Now, I’d like to reframe the question animating this section in terms of how to think about competitive advantage by considering your data as a resource that you share rather than hoard. As researchers, we all aim to publish our work in the best journals possible and hopefully receive citations. Data is an input in the paper production process. One way to create and capture value is to cultivate high-quality datasets that no one else has. Another is to provide inputs to other researchers that they couldn’t obtain elsewhere or would cost them too much time and effort to create the dataset themselves, and thus you do it yourself. By dramatically lowering the cost of an essential input, you create value for other researchers – they are publishing with your data and citing you as a result – and capture value because you receive credit.
There are two more broad ideas related to data that are probably worth mentioning. Data costs money, and there are two costs associated with building a dataset: fixed and variable.
Datasets usually have both costs, but scaling datasets may grow at different rates depending on the nature of the marginal costs.
For instance, when using public data, most costs are fixed. These include downloading, cleaning, and storing the data on your storage devices. The marginal costs then become very low. Once you build a dataset of patents matched to firms and scientific articles, you can reuse the same data as many times as you can come up with a good research question that can be answered with it. As a result, you can spread these fixed costs over many projects, reducing the average cost of any given data component of a research paper.
In contrast, experiments have both high fixed and high marginal costs. These costs come from various sources, including building the technical infrastructure to run the experiment, followed by investments in creating surveys and interventions. Then there is the marginal cost of obtaining a subject, which can be most easily seen when running a field experiment where you have to incentivize people to participate. For every observation, you have to pay subjects and provide them a place at the table.
Sometimes the fixed costs are very low if someone else has borne them for you. For instance, if you are running a Mechanical Turk experiment, the infrastructure is already there, and the cost of creating a survey that you deploy on a platform like Qualtrics to the sample is relatively low. However, much of the research expense comes from the marginal cost of running the study, with each subject being paid a specific amount to complete your study.
It is helpful to understand the economics of your underlying data. If you have a high fixed cost dataset, consider how you can spread that fixed cost over multiple papers. If you have a high marginal cost dataset, ensure that every observation counts and that you extract the maximum value from each data point by reducing measurement error, ensuring you measure the necessary variables, and so on. If you have a dataset with both high fixed and marginal costs, such as a field experiment, think about how you can use your fixed cost investments in another experiment in the future or leverage the sample for another research paper.

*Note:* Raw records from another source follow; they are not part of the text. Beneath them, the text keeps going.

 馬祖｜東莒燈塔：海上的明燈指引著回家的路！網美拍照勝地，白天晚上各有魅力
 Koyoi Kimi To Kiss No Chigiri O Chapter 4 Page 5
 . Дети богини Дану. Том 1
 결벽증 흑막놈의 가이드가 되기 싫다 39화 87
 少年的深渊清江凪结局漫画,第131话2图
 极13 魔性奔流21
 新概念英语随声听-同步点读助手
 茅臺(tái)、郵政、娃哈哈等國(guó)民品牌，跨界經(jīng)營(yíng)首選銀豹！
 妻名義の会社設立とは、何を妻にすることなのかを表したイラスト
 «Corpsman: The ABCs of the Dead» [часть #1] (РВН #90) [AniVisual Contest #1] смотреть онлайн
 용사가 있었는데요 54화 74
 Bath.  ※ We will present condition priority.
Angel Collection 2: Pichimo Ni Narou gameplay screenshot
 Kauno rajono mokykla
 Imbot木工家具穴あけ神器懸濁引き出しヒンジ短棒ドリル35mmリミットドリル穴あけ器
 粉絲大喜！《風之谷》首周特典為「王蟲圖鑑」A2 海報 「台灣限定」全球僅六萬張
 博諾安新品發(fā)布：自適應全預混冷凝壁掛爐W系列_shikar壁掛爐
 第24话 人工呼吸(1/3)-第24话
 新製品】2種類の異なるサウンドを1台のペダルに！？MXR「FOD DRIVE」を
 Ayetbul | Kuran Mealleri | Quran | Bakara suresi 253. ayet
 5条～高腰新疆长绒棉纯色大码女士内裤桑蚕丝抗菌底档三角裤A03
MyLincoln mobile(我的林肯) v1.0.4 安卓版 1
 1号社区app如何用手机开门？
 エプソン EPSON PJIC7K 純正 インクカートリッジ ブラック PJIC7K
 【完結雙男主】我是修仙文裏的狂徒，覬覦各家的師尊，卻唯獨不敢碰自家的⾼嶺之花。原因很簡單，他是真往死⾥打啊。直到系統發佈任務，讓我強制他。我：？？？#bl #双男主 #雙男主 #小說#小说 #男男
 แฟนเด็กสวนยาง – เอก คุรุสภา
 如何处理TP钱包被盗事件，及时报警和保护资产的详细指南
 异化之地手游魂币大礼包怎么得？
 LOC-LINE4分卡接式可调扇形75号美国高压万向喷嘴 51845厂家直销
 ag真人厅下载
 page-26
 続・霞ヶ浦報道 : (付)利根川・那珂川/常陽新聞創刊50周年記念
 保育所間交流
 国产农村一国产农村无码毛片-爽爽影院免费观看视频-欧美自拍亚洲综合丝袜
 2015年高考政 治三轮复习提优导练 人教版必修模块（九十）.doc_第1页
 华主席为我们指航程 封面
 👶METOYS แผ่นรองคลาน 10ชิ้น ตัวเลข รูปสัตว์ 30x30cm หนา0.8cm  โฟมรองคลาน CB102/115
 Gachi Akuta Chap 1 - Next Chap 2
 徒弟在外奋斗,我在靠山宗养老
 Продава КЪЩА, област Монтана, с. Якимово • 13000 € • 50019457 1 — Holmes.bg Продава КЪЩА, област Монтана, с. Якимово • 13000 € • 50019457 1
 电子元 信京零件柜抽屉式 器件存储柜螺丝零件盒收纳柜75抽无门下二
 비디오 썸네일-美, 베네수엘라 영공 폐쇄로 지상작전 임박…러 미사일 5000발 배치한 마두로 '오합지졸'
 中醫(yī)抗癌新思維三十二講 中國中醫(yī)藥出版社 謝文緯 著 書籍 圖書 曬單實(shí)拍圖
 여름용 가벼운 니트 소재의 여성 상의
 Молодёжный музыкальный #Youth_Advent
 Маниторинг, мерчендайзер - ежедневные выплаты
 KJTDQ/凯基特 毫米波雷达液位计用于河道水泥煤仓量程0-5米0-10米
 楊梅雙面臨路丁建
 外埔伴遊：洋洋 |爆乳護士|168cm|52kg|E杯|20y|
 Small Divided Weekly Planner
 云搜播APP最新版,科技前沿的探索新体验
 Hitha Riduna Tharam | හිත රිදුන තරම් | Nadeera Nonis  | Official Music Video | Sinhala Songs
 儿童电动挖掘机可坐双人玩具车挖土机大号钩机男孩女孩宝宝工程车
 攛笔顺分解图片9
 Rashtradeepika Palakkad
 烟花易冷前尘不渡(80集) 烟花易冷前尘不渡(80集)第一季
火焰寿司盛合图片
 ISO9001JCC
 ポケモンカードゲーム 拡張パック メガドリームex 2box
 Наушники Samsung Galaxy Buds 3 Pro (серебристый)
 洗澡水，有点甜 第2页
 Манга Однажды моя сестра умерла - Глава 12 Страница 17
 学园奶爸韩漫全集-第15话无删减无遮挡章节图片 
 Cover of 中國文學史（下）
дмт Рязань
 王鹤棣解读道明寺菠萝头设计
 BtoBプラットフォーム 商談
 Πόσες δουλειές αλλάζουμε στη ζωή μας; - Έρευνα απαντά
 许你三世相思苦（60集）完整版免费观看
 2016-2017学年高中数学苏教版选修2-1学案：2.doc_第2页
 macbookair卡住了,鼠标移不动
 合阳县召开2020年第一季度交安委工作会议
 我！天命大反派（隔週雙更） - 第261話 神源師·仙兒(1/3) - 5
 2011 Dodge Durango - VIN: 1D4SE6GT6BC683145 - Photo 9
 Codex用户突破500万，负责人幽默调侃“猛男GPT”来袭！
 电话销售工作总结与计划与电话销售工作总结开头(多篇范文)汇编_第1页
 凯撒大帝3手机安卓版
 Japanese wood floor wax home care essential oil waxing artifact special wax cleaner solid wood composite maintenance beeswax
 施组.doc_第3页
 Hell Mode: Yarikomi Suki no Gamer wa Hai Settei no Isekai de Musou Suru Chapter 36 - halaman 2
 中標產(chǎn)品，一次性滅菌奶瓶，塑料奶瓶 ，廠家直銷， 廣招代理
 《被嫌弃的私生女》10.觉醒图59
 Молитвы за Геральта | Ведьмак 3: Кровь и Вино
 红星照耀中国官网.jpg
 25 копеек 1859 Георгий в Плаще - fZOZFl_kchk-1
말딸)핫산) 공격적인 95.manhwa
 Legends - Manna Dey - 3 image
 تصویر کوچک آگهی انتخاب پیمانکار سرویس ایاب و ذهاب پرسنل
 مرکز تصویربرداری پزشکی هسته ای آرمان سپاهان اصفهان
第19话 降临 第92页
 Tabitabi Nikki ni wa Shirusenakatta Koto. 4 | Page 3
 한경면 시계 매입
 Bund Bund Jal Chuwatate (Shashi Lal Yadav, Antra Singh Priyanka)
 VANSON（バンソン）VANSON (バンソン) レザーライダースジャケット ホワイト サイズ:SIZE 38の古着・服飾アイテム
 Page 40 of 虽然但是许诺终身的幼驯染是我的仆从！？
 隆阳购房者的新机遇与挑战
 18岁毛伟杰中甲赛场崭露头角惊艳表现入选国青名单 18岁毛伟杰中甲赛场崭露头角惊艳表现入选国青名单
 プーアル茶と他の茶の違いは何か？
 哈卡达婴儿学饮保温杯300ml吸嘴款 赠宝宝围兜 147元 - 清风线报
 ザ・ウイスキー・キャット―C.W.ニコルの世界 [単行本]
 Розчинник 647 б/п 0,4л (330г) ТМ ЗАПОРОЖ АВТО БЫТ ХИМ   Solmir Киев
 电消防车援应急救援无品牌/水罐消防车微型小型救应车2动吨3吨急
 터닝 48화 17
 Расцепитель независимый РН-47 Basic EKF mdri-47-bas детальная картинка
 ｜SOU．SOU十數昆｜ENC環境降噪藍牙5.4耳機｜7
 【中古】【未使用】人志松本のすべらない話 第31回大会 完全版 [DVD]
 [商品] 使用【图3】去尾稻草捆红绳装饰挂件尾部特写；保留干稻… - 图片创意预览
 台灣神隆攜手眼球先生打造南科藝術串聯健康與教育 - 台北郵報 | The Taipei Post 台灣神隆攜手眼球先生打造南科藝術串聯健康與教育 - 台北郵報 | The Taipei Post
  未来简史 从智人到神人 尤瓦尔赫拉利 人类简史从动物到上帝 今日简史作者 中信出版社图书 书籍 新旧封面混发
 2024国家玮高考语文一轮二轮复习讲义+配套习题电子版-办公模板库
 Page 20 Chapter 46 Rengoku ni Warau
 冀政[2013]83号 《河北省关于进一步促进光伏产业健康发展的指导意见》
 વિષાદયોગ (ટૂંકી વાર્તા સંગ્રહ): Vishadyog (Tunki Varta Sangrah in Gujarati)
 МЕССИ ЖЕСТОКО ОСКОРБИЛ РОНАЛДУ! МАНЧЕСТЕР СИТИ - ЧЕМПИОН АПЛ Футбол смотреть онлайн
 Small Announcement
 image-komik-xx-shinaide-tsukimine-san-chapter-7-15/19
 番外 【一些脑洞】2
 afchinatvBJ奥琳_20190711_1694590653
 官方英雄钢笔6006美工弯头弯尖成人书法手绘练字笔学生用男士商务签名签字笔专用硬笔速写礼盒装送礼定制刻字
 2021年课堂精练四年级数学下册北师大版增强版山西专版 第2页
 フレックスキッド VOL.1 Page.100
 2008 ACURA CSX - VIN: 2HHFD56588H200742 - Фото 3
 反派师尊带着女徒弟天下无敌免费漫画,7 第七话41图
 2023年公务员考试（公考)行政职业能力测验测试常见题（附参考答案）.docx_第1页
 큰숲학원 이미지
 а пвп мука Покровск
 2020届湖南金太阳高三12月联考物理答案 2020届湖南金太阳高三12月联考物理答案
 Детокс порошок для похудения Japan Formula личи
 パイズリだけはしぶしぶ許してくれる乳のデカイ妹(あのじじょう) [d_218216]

It is important to note that when writing papers, your goal is to create reader surplus. This surplus represents the new knowledge and insight that readers can use in their own scientific endeavors. This knowledge helps them write better papers, make more important or interesting observations about the world, and, more practically, helps them get published.
P, the price, is often reflected in the placement of your article within the world of journal publishing. If your work creates low value, the price that individuals are willing to pay for your article, or their willingness to accept your article in a top-tier journal, is lower. In other words, the perceived value of your article determines its potential for publication in prestigious journals.